The year 2000 will be a groundbreaking one, as transportation agencies across the Washington region plan work on dozens of road and transit projects, including huge highway interchanges in Fairfax, Prince George's and Montgomery counties and a new Metrorail station in Northwest Washington.
The most expensive item in either Virginia or Maryland is a $19.6 million project in Fairfax County to convert the intersection of Routes 28 and 29 near Centreville into an interchange.
Scheduled to begin in the summer and continue through fall 2002, this construction is designed to keep pace with the rapid growth in the western part of the county as well as in neighboring Prince William and Loudoun counties.

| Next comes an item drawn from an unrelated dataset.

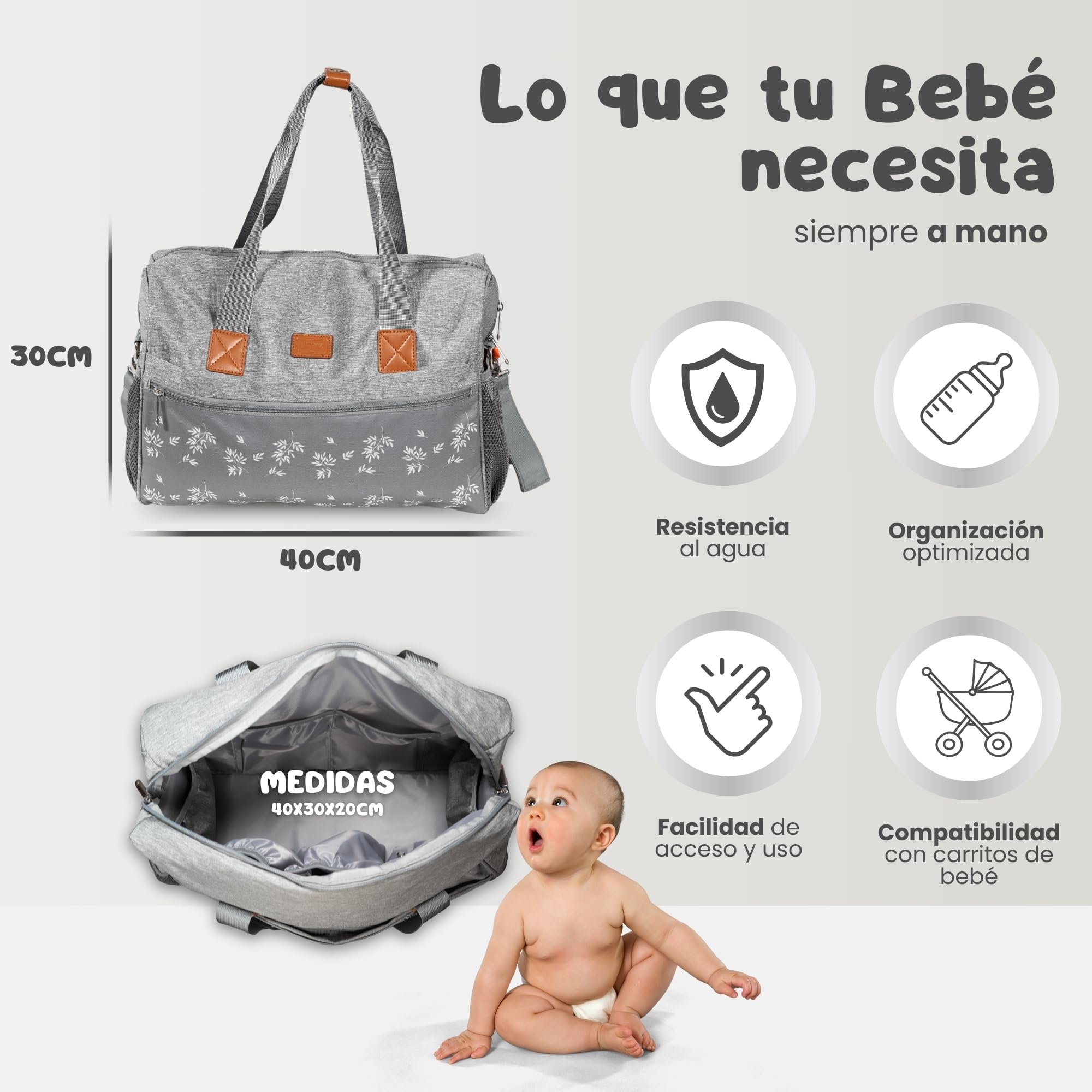 Bolso Carro Bebe, Bolsa Carro Bebe, Mochila Carro Bebe, Bolso Carrito Bebe, Bolso para Carro Bebe, Bolsa Carrito Bebe, Bolsos Carro Bebe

"This is a major bottleneck and headache for commuters during the morning and evening rush hours. By building a partial cloverleaf, we're going to be able to ease the congestion considerably," said Joan Morris, spokeswoman for the Virginia Department of Transportation.
Money for the construction was included in an initiative by Gov. James S. Gilmore III (R) to accelerate the receipt of federal funds promised for the state.
Among the first projects to begin this year in Virginia is work to improve the Prince William County interchange of Interstate 95 and Route 234 and widen Route 234.
Other major jobs slated for Prince William are the replacement of Interstate 95 bridges over Route 619, improvements to the Route 28 intersections at Linton Hall and Vint Hill roads and rebuilding of the intersection of Routes 29 and 234 to add left-hand turn lanes and to make safety changes.
In Loudoun, VDOT intends to add two lanes to Route 7 between Dranesville Road and Lakeland Drive and pave three miles of Woodburn Road, which is now a gravel byway.
Much of VDOT's attention over the coming year, of course, will be devoted to the ongoing reconstruction of the Springfield interchange, which began last spring. Replacing the interchange, at the junction of Interstates 95, 395 and 495, is currently the most ambitious, complicated and expensive road project in the Washington region.
A $40 million effort to complete the northern section of the Fairfax County Parkway is also continuing, with construction on the final 1.4-mile segment, between Baron Cameron Avenue and Sunset Hills Road, expected to start early this year.
In the spring, the department also plans to start widening three miles of Telegraph Road between Beulah Street and the Fairfax County Parkway, and between the Franconia-Springfield Parkway and Route 1.
In Maryland, the heftiest price, $17.3 million, will be paid to rebuild and redeck four aging bridges along the Capital Beltway in the Silver Spring area between Colesville Road and Georgia Avenue. This work, scheduled to last two years, is expected to severely affect traffic, adding to some of the worst congestion on the Beltway.
Another big-ticket item in Montgomery County is the construction of a new interchange on the eastern spur of Interstate 270 at the Rockledge Drive connector and an upgrade of the interstate's junction with Route 187. This effort, projected to begin in the spring and to cost $15.4 million, is designed both to smooth traffic flow and offer better access to surrounding businesses.
This year also will see the state move ahead with the top local transportation priority in Prince George's: a new Beltway interchange at Ritchie Marlboro Road.
The project, costing $15.1 million, is expected to ease congestion at the Beltway interchanges with Routes 214 and 4, officials said.
"It is a project which will provide great benefits to an area surrounding the Capital Beltway, providing safety and traffic flow improvements, and it's also going to help stimulate the economic development of the area," said Suzanne Bond, spokeswoman for the State Highway Administration.
Maryland also is scheduled to begin repaving and making safety improvements on the Beltway between Branch Avenue and Darcy Road in Prince George's.
Metro, meantime, is planning a series of transit projects, most notably construction of a new $60 million rail station near New York and Florida avenues in Washington, if funding becomes available this year.
The Red Line station, located between the stops at Rhode Island Avenue and Union Station, would be part of the city's ongoing efforts to redevelop the New York Avenue area. Major property owners in the area have pledged to underwrite $25 million of the cost.
Also scheduled to start this year is the second phase of construction to expand the Metrorail station at Mount Vernon Square/University of the District of Columbia in preparation for the crowds expected to accompany the opening of the Washington Convention Center.
This work, due to begin in February and to finish in the spring of 2002, involves enlarging the station's entrance and mezzanine.
Other new transit projects include building a pedestrian footbridge at the Prince George's Plaza Metrorail station, constructing canopies over station escalators now exposed to the weather and renovating the bus garage at South Capitol and M Street SE.